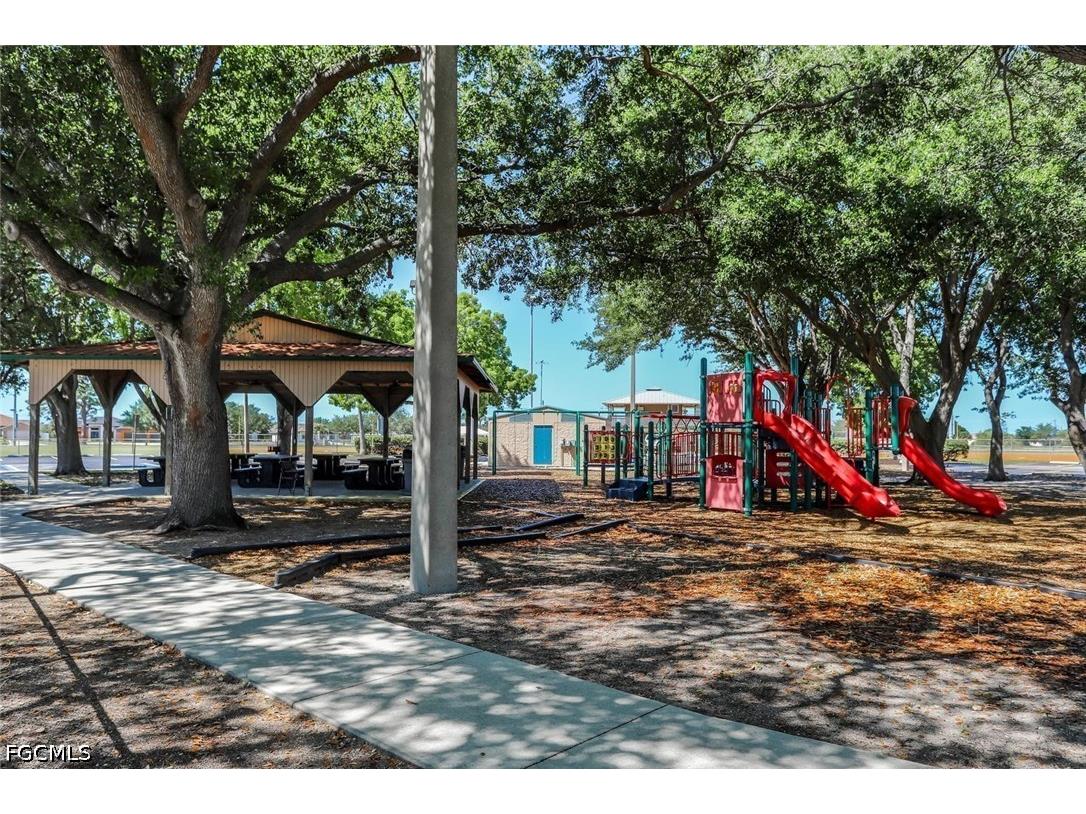 512 SW 15th Street Cape Coral FL 33991 2026019948 image32
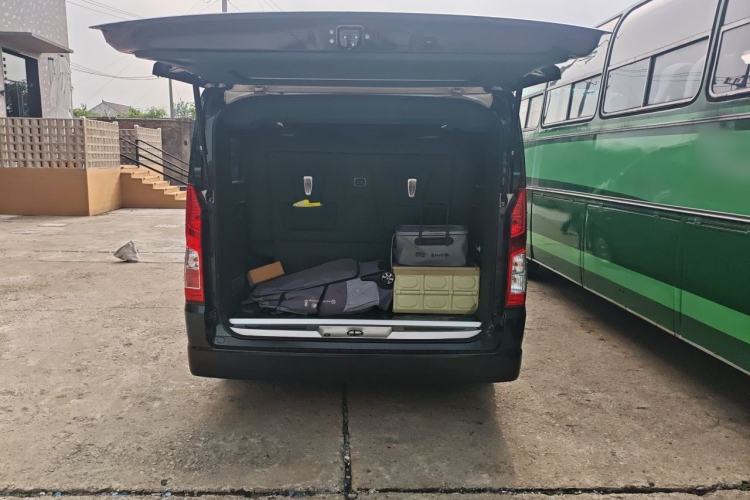 Used Toyota Granvia  Trunk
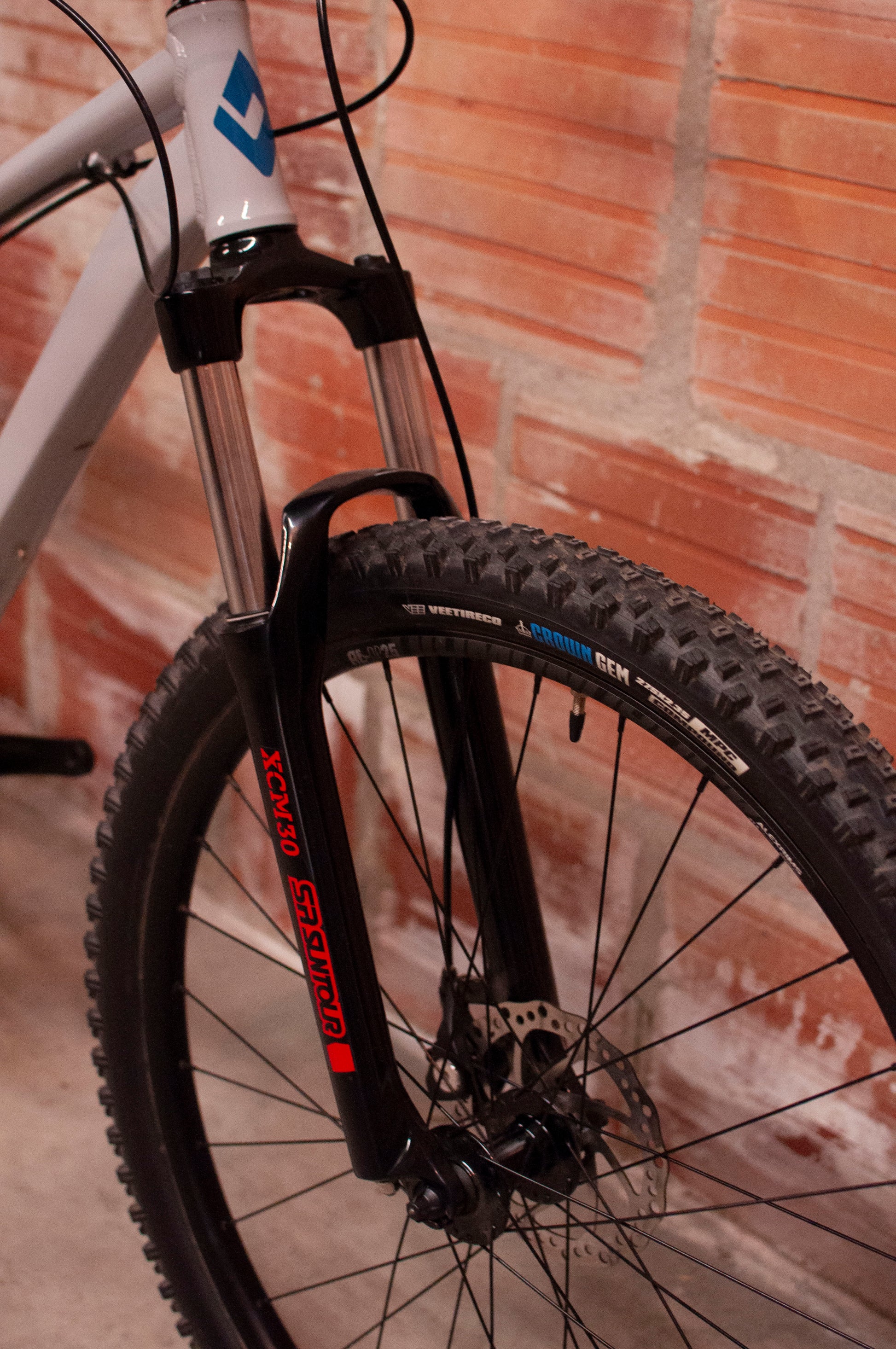 diamondback hook 27.5 weight Diamondback Hook Trail/All-Purpose Bike, Grey, MD – Cycle & Coffee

☆ ☆ ☆ ☆

### [WORK TO BE COMPLETED]
In the data above, the line containing "Used Toyota Granvia" and all lines after it are to be reproduced exactly, leaving out the pictures.

### [WRITTEN ANSWER]
 Used Toyota Granvia  Trunk
 diamondback hook 27.5 weight Diamondback Hook Trail/All-Purpose Bike, Grey, MD – Cycle & Coffee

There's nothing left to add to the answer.